Towards that end, should B pass, it would mark AES’s exit from Redondo Beach; as Pendergraft said, his company isn’t in the business of land and property development. If they get their way, they’re “in all likelihood” selling the land.
“This is a very unique piece of property and it needs a world-class developer with a track record of building world-class developments along the waterfront,” Pendergraft said.
“The vision that we have is certainly not bad development adding to ‘ReCondo Beach.’ Whatever developer is brought on needs to have a strong track record of having done fantastic developments along the coast. It’s got to be treated with that level of respect; it’s got to be something special,” Pendergraft said.
To Pendergraft, it’s an opportunity to turn the waterfront into a destination — something that people travel to other cities for now.
Legacies
“This is going to be interesting,” Aspel said, acknowledging the poor voter turnouts that go hand-in-hand with off-cycle municipal elections. “If it’s a foggy day or you have the sniffles you’re not going to go out and vote. The future of the city of Redondo Beach is probably going to be decided by around ten percent of the people.”

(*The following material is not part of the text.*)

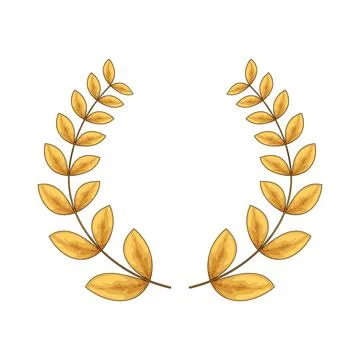 Laurel Wreath illustration Stock Illustration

At this point, one could get the impression that Redondo’s power plant, and the friction caused by it, has sapped as much energy from the citizens as it has produced for them — and Aspel is ready to see it go.
“The power plant has been a huge discussion for my entire political career in Redondo,” he said. “I just want it to go away and both sides can agree that we are better off without it. If we don’t make a decision on it now, we are going to be having the same argument in 10 years, long after I’m out of office.”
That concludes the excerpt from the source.